Paul begins the body of the Galatian letter like this:
I am astonished that you are so quickly deserting the one who called you to live in the grace of Christ…”
Gal. 1:6a (NIV)
The Greek word here translated “I am astonished,” denotes more wonder than dismay. The NASB translates it, “I’m amazed.” The difference might seem insignificant, but I believe the latter more accurately conveys Paul’s tone.
We might say that he’s using the uncomplimentary, “wow,” such as in this meme:
Whatever this church was doing had risen to monumental heights of stupidity in Paul’s mind. What could it have been?
Let’s take a brief look at Paul’s history with the Galatians for insight:
Acts 13:1-12 – Paul and Barnabas are commissioned and preach through the island of Cyprus with John Mark as their helper.
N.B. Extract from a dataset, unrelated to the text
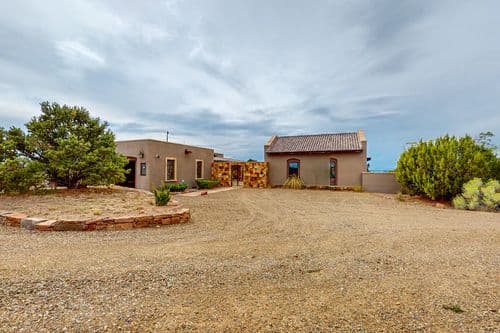 Windy Acres Retreat - Image 2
Act 13:13-43 – The missionaries sail to Asia Minor and then travel inland to the Galatian region where Paul preaches at the synagogue in Psidian Antioch. He receives a hearing and is invited to speak again the next week.
Acts 13:44-48 – Almost the whole city turns out the following Saturday to hear Paul and Barnabas. Moved by jealousy, the Jews oppose their message. Paul rebukes the Jews and shifts the focus of his ministry to the crowds of receptive Gentiles.
The word of the Lord spread through the whole region. But the Jewish leaders incited the God-fearing women of high standing and the leading men of the city. They stirred up persecution against Paul and Barnabas, and expelled them from their region. So they shook the dust off their feet as a warning to them and went to Iconium. And the disciples were filled with joy and with the Holy Spirit.
Acts 13:49-51 NIV
Throughout the history of missions, this kind of city-wide revival has only taken place where God had already been working in a special way to call a people into his kingdom.
It was the Galatians’ time to come into the kingdom. And so Luke comments on the Galatian response:
When the Gentiles heard this, they were glad and honored the word of the Lord; and all who were appointed for eternal life believed.
Acts 13:48 NIV
God himself had begun to call the nations (Gentiles) to be his people. The masses of unwashed pagans straining to hear at the door of synagogue signified that God had been working there already. The overflowing joy those believing Gentiles received in the midst of opposition confirmed that the divine preparation had paid off.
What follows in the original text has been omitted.